Monday, 11/19/2018 12:26:54 PM

Monday, November 19, 2018 12:26:54 PM

Post# of 458853
The Polio Vaccine Factor

Indeed there is crying need for something better than the current SOC [standard of care] in PD and Rett's...and advocacy groups ready to press for rapid approvals in both of those indications!

As I mentioned, there was only one new, revolutionizing treatment that was universally and instantly accepted by the medical profession. Virtually everything else, from the blood-circulating function of the heart, to the multiple-disease pathogenic role of microbes, took years or decades to be accepted. How many postings here so authoritatively warn us that Anavex 2-73 will take years’ more of testing and clinical trials to make it to a pharmacy shelf? Maybe sometime toward the end of the decade?

That was not the question, however, when I was in the second grade. We already had a couple of kids who were in wheel chairs, “hooked-up” to all sorts of things attached to their bodies. They had poliomyelitis. Our mothers warned us not to play with any kid who sneezed or seemed sick in any way. “Stay away from those kids. You’ll get polio, and die.”

After the war, tens of thousands of mothers of we baby-boomers across the country collaborated in the March of Dimes campaign to fund and promote research for a vaccine. Jonas Salk and his team perfected one, and by the social and political pressure of “concerned mothers,” the vaccine was brought rapidly to the upper arms of vulnerable school kids around the country. Faster than any other new medical procedure or treatment to date. Astounding speed of implementation.

And I remember it with particular interest. A busload of us from Hayes Elementary were bussed across town to Stamm Elementary, which had a large gymnasium floor. Lined up, alphabetically, we were dutifully led into the gymnasium, behind a dozen other lines of kids moving slowly toward some seated nurses (white-capped, in those days). There was a smell of steam (or something), emanations from trays of sterilized glass syringes); and ominously, intermittent yelps of pain. “Ouch! That hurt!”

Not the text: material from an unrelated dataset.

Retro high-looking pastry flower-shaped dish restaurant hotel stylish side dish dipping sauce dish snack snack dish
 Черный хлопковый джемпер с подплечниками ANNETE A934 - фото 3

Dozens of kids were being injected with the brand-new Salk vaccine. It hurt at bit, but even we little second-graders knew, as our mothers and teachers told us, the pain was worth enduring. Some of our friends already had contracted polio.

To this day, I remember Barbie. She was right in front of me. She told me she’d, “be brave.” She was. The nurse picked up another syringe and gave Barbie her shot. She turned her head, and merely winced. Then, my turn. I watched. “Ouch.” But I was a boy. I could take it, and did.

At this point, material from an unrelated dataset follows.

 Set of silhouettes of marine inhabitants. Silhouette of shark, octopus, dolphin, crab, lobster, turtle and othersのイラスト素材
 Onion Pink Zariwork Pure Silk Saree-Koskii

Then, a few steps past the inoculation table, I looked at Barbie’s arm. The needle had come loose from the syringe when it was pulled out. The needle was still stuck in her arm. She turned and saw it, and screamed. A nurse’s aide came over, plucked the needle, and tried to calm Barbie, who was now feinted on the floor.

For all of that, six decades later, neither Barbie nor I have suffered with polio. It was the March of Dimes mothers who made this all happen, faster than anyone else imagined or perceived possible.

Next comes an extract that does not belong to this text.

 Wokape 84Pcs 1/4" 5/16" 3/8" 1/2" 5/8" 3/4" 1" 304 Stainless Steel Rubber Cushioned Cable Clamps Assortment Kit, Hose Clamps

Could such a thing happen in Australia? How will the families and care givers of hundreds of thousands of Alzheimer’s patients react to increasing anecdotal accounts of, “Mom’s so much better now that she’s taking that little pink pill. She sleeps every night now, too!”?

Might social action, fulminating rather rapidly in political pressure, prompt rapid implementation of Anavex 2-73 in Australia, quite in the manner of the March of Dimes mothers and the Salk polio vaccine in the early 1950s?

By no means, not out of the question.